* [SOURCE MATERIAL]:
*** Block opens ***
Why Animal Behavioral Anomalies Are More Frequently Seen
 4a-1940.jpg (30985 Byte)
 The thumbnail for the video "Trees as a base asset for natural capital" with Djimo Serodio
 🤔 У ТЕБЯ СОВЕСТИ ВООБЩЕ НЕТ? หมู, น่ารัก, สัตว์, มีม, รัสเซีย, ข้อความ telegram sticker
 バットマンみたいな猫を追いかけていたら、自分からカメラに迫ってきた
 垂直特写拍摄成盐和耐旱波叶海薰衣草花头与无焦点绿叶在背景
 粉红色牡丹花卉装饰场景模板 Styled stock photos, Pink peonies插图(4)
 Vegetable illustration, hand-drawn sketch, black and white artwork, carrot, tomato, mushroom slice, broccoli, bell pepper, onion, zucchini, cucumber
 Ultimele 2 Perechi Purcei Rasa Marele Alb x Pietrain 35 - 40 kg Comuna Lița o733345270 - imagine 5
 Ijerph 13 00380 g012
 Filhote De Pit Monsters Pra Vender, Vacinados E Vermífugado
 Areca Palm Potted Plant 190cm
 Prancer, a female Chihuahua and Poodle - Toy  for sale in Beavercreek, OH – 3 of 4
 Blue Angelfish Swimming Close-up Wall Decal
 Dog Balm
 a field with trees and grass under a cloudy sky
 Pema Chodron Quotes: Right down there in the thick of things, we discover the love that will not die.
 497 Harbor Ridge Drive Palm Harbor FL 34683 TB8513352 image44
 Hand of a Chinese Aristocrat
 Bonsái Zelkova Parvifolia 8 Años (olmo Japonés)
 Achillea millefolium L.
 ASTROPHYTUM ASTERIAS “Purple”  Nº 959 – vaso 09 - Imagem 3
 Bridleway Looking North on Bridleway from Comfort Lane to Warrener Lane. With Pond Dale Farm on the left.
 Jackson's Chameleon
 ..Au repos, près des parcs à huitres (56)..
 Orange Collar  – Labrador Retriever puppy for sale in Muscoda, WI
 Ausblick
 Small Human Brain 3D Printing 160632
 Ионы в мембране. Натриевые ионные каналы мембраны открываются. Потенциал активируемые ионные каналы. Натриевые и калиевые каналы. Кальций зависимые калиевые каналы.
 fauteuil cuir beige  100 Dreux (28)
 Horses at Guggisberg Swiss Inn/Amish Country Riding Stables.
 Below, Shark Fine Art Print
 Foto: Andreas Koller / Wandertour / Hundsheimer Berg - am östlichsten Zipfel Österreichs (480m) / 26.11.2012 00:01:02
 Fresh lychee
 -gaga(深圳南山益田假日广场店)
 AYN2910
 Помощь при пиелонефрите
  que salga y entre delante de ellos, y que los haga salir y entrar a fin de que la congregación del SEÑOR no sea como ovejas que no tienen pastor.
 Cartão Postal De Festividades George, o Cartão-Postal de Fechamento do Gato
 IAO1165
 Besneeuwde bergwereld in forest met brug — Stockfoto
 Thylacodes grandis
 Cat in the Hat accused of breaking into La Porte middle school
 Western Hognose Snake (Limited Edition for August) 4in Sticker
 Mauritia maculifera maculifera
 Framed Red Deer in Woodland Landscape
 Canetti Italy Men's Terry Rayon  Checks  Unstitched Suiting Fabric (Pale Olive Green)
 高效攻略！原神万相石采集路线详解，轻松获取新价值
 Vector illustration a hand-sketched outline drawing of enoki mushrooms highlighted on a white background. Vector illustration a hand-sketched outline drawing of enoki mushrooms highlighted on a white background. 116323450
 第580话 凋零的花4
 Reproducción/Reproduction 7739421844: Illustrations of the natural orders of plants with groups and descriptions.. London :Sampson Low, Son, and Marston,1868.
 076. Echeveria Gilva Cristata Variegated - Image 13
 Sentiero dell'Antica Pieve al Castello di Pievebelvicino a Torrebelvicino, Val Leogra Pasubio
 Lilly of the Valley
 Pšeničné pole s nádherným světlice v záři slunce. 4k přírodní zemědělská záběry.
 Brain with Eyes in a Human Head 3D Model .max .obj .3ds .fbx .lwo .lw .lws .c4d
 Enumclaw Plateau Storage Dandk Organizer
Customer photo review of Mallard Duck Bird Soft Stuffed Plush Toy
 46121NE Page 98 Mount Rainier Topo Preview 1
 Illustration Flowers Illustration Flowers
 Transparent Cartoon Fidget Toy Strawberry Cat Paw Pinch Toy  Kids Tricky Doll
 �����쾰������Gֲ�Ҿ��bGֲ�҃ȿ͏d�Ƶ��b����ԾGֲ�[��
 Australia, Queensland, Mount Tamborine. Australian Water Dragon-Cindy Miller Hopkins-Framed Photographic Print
*** Block closes ***
* [PROBLEM TO WORK ON]:
Search the records for the word "Brain". Copy every line that has it.

* [SOLUTION TO THE PROBLEM]:
 Small Human Brain 3D Printing 160632
 Brain with Eyes in a Human Head 3D Model .max .obj .3ds .fbx .lwo .lw .lws .c4d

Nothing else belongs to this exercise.